Digitizing International Trader Qualification Exam with OCR Technology
What difficulties did the client face?
In order to stay ahead of the digital curve, our client who provides the International Trade Professional Qualification Examinations was willing to start offering the exam online. The client was providing onsite examinations once or twice a year, but by going digital, he/she could increase this number by 12x to once a month! The biggest obstacle in this plan, however, was building the Q&A data in a machine-readable format. In other words, the client had to build a digital question bank that stores all questions and answers presented in the paper exams. Our client struggled to transcribe all the information into PDF format with a machine-readable format, and thus reached out to Crowdworks for help!
Clients’ requirements
- Provide interim reviews to ensure the quality of data
- Deliver the final output in a Google Spreadsheet
- Offer high-quality OCR(Optical Character Recognition) technologies
Why Crowdworks!
- Proven track record of successfully delivering projects from gathering and delivering upon requirements
- Effective and efficient communication with the project team including timely reviews
- Meticulous quality assurance system
- Thoroughly annotated and inspected data
Crowdworks Solution
Preprocessing and Annotating the Data
In order to increase the number of exam distributions, the exam makers had to develop more exams in a shorter period of time. The key lies in the comprehensive digital question bank. The exam makers required easy access to the entire pool of questions so that they could efficiently select the questions to be presented on the next round of any given exam. Without a comprehensive view, the exam maker had difficulties analyzing the overall level of the exam or simply lacked an adequate volume of questions to ensure diversity.

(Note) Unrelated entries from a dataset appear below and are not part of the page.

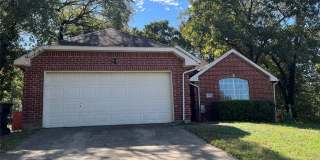 829 Shoreline Drive Gallery 1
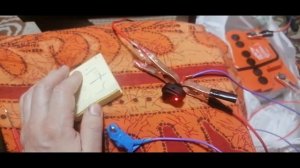 двухпозиционная. трехконтактная кнопка со светодиодом и ее распиновка и подключение контактов.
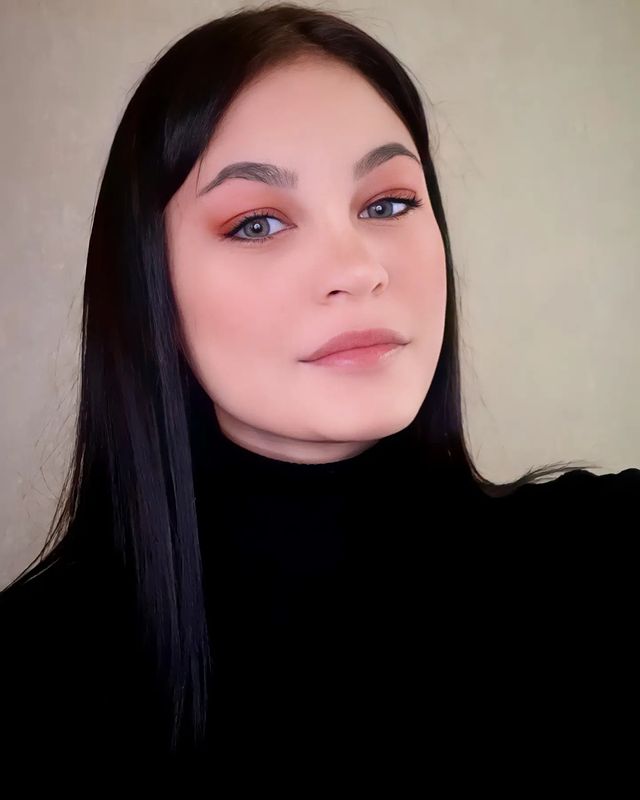 m_kim_19 в LOOKY. . Ведь это любовь 🍃🦭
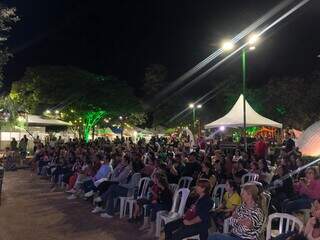 Público acompanhou apresentações e shows no evento. (Foto: Jéssica Fernandes)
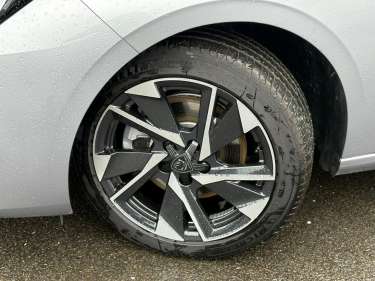 PEUGEOT 308 SW Hybrid 145 e-DSC6 Allure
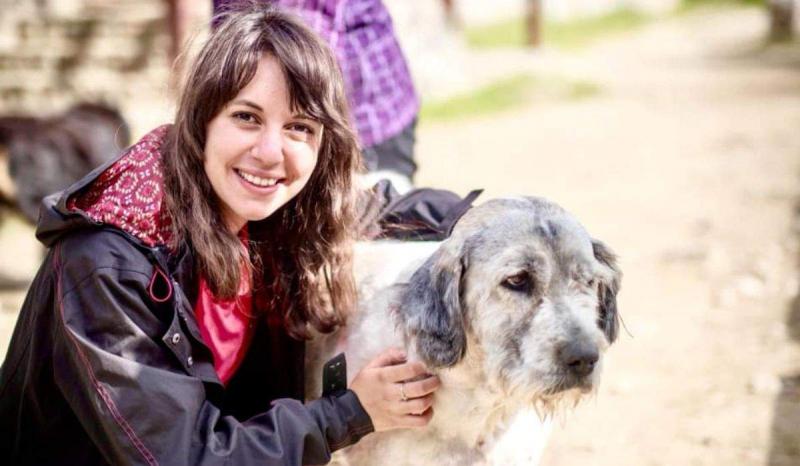 „Marea a mai răpit un poet”! La doar 19 ani, Andra și-a dat ultima suflare, pe plaja din Vama Veche. Era nepoata unui cunoscut jurnalist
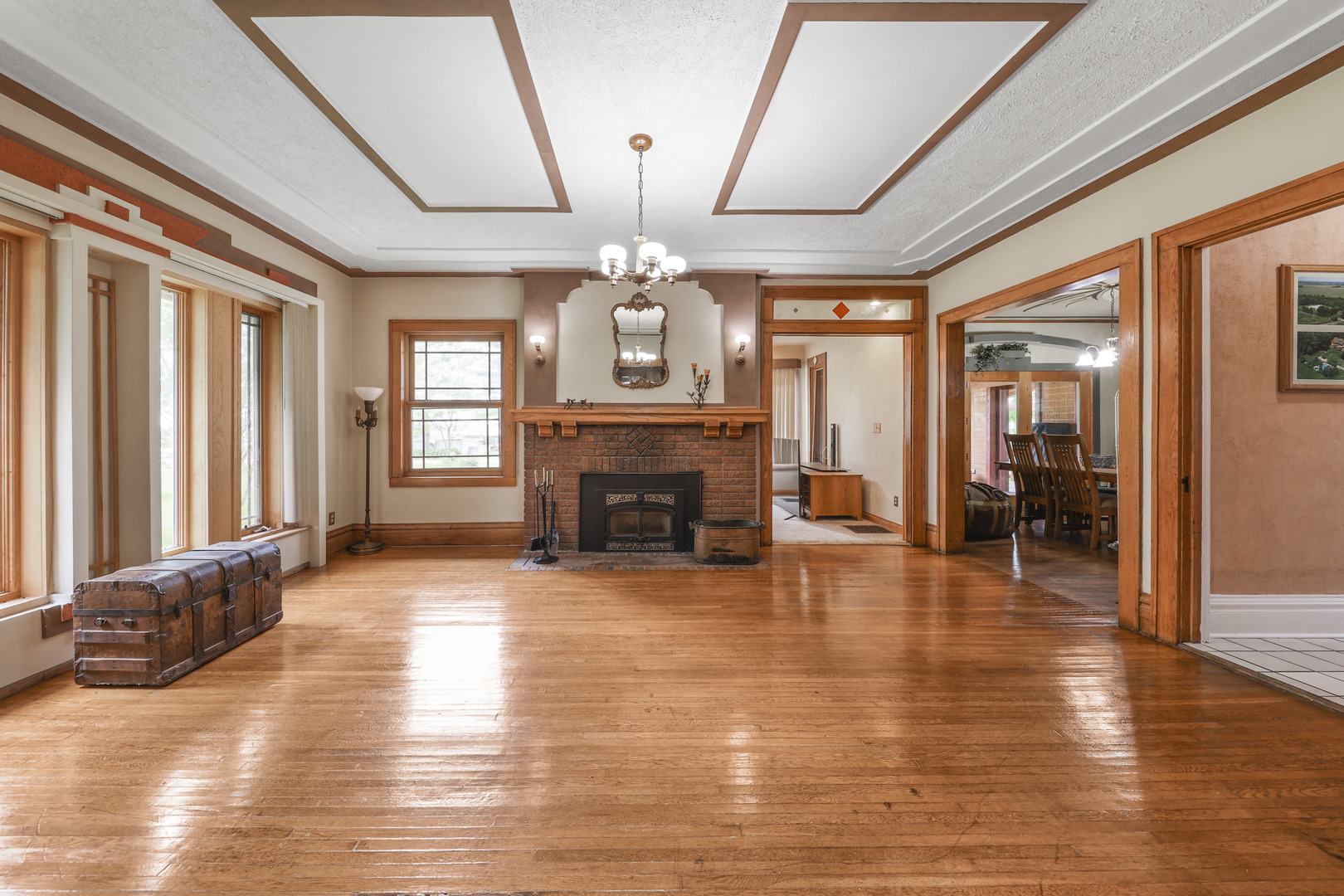 1035 N Gorham Road, Morris, IL 60450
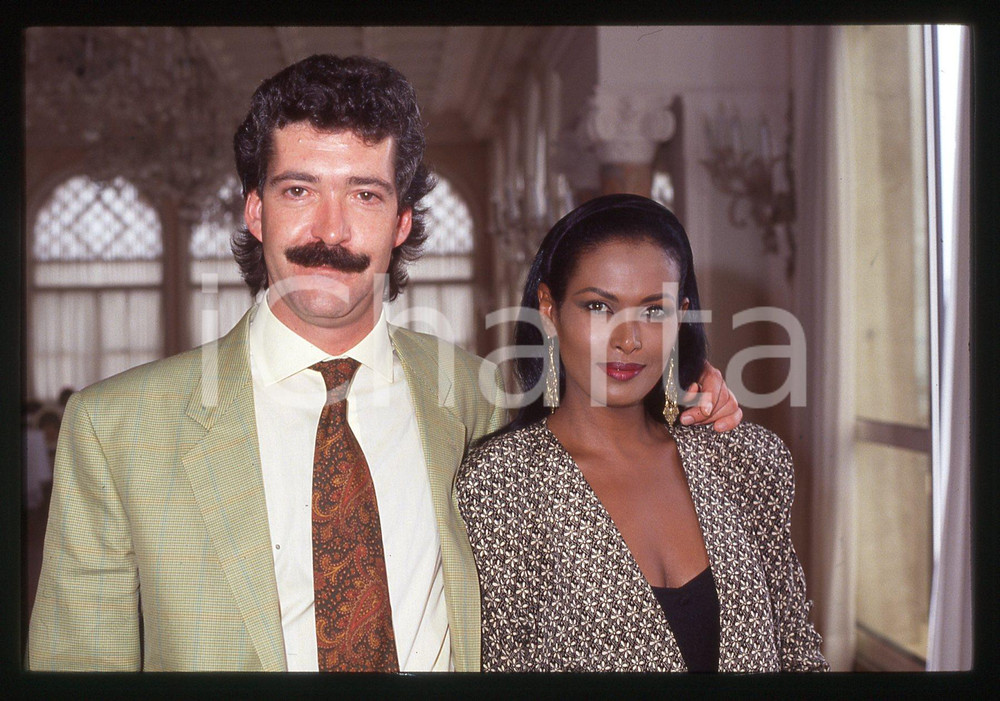35mm vintage slide* 1990ca VENEZIA  Zeudi ARAYA e Massimo CRISTALDI (3)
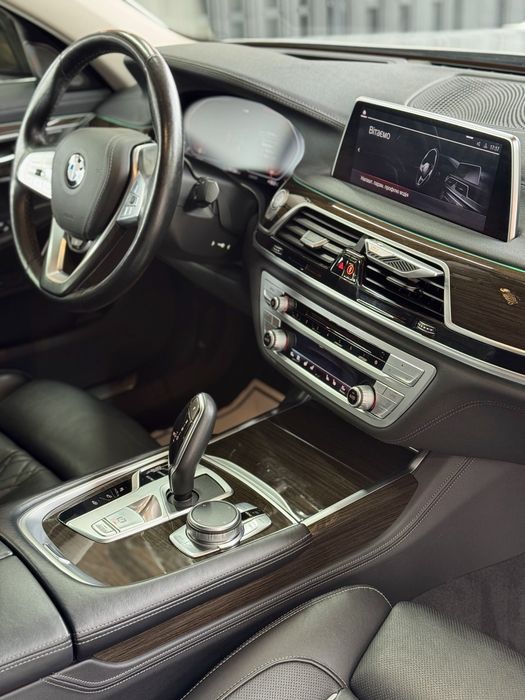 Продам Bmw 7 серії 740і b58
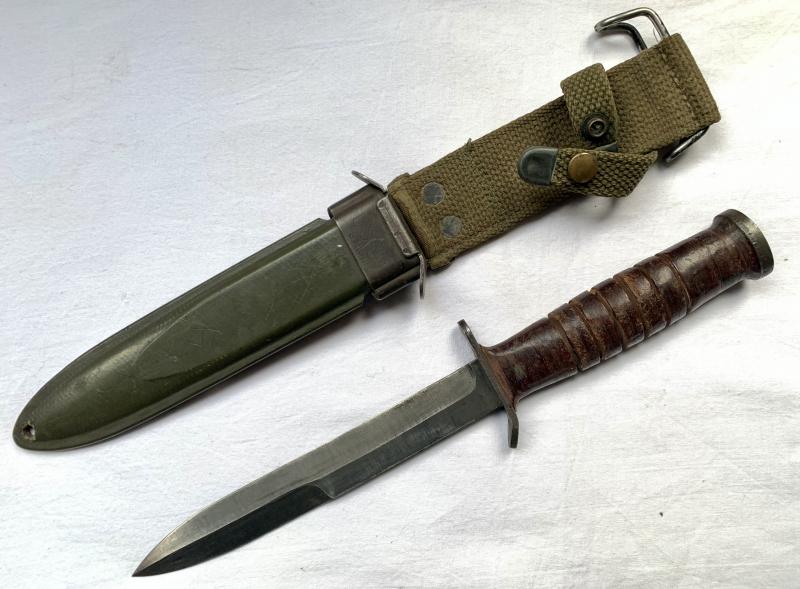 U.S M3 Combat Knife in M8 Scabbard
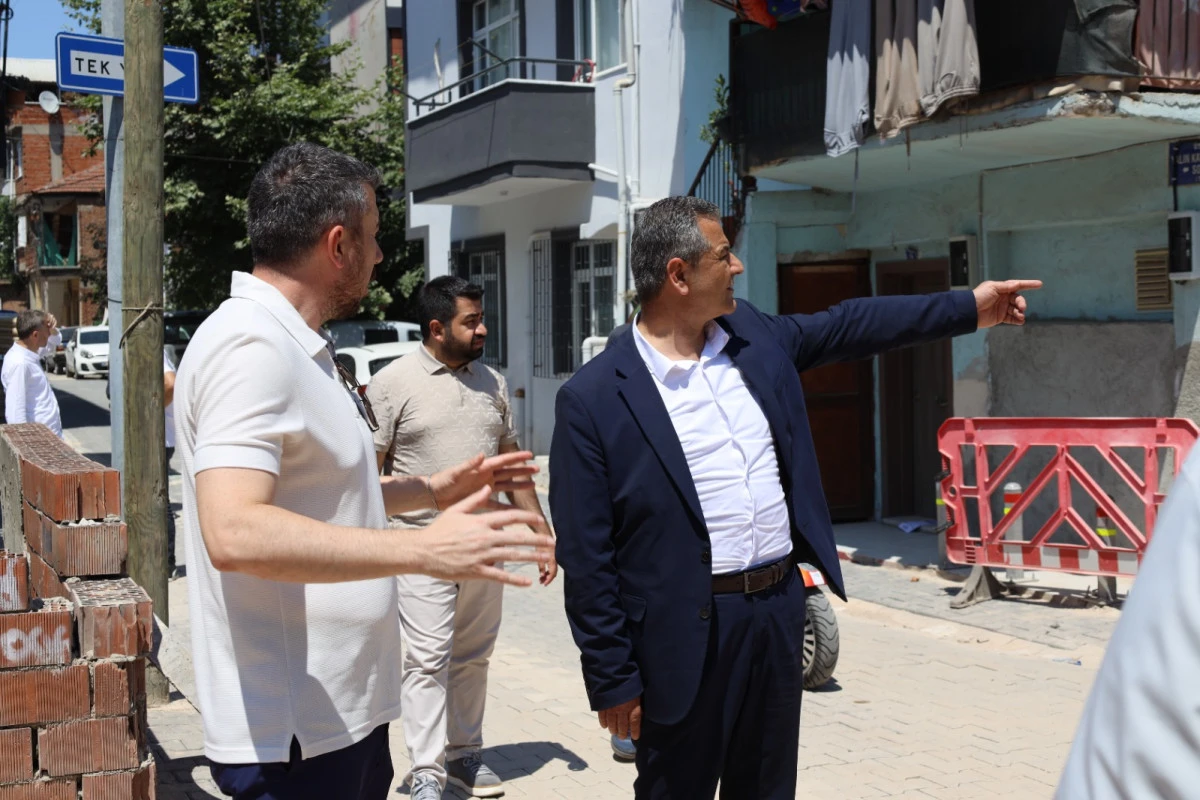 İzmit Belediyesinden Mehmet Ali Paşa&rsquo;da yoğun parke mesaisi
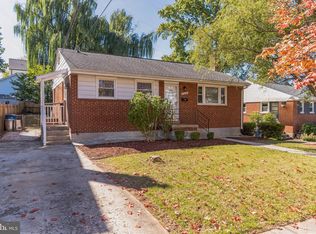 6414 Winnepeg Rd, Bethesda, MD 20817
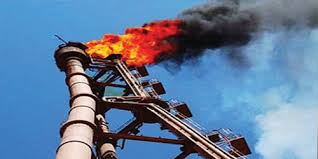 مطيع والطريجي ينتقدان تحرير أسعار البنزين والعلاج في الخارج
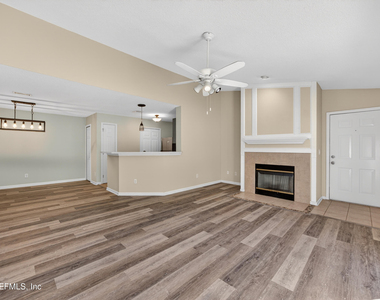 13727 Richmond Park Drive N - Photo Thumbnail 3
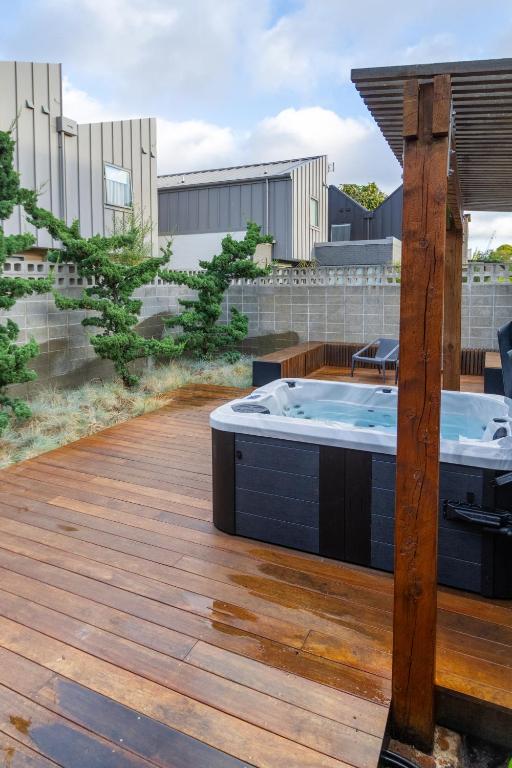 Luxury King studio with spa and private carpark - Resim 30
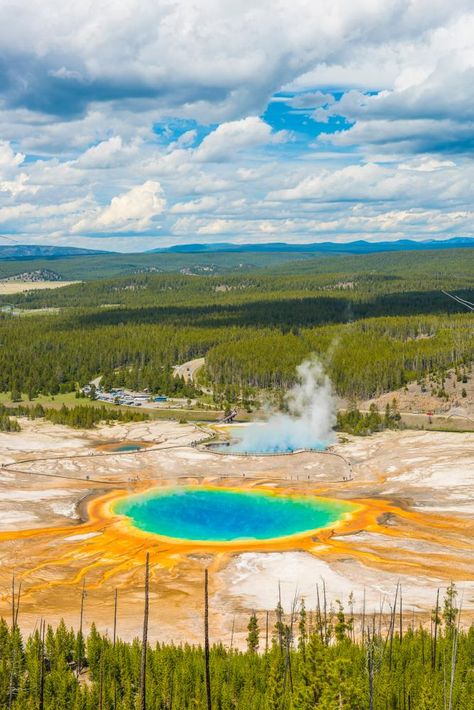 Yellowstone National Park Pictures, National Park Yellowstone, Yellowstone National Park Photography, Yellowstone Wyoming, Travel Wyoming, Grand Prismatic Spring, Grand Prismatic, Biscayne National Park, Lamar Valley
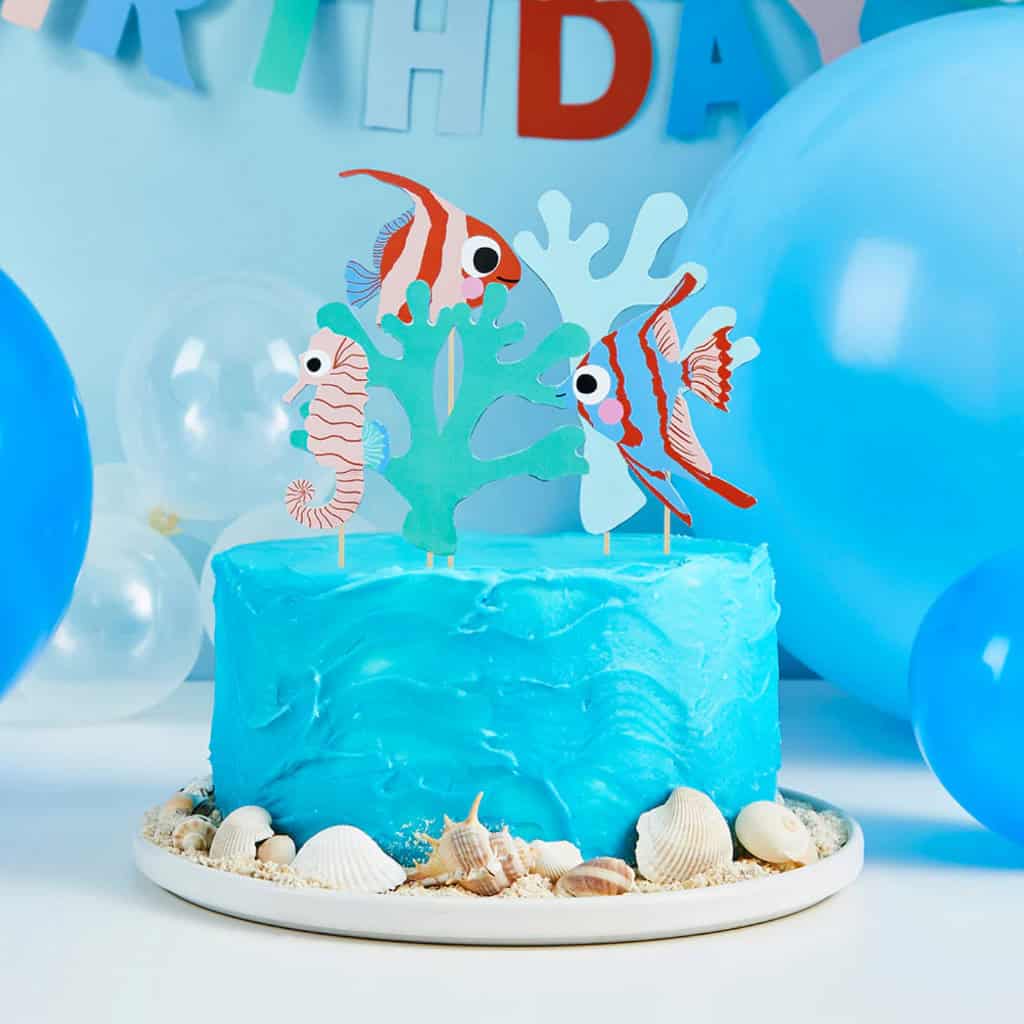 Simple Blue Undersea Cake with Shells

Crowdworks recognized this need and designed a tailored project that not only transcribes all questions into the PDF documents but also labels (i.e. metadata) each question data for effective data management as well as model training. We leveraged our experience providing text transcription to a wide spectrum of clients to meet the proposal. The client precisely reviewed the business value we could provide, and finally approved our proposal!
Since this was the client’s very first data annotation project, he/she requested a detailed consultation including defining requirements, developing a detailed annotation guide, designing the annotation work screen, and more. We worked with the client’s project team to thoroughly and accurately understand their business requirements and developed a tailored Google Spreadsheet to utilize as the client’s question bank. The Spreadsheet was designed to enable exam makers to quickly and easily search for specific problem types.
Transcribing the questions using an unique method tailored to the client
The International Trade Qualification Exam is known for its difficulty and comprehensive coverage, including fifty questions each from four subjects. This also meant that our labelers had to work with specialized types of data including international purchase orders and invoice tables. Our project team quickly realized that developing a comprehensive and detailed annotation guide was critical to successfully run the project.
Hence, our team closely worked with the client’s project team to discuss how to address different types of data and provide recommendations on establishing the classification for the questions. Upon close collaboration, we managed to draft a tailored guide that included solutions for edge cases! For example, if the question included an image that couldn’t be transcribed into text, the guide instructed the labeler to include a screenshot of the image instead.
Comments from the Project Manager
“This project made me realize the full strength and potential of our platform to enable our labelers to work freely anytime, from anywhere! For example, opening a project that allows multiple labelers to simultaneously perform annotations on one PDF document was a simple task with our platform. Such project design lessened the overall burdens of the work as a labeler could focus on one specific annotation task and not multiple annotation tasks on one PDF document. The entire project team including myself felt immensely proud to see our client’s concerns disappear one by one as the project progressed!”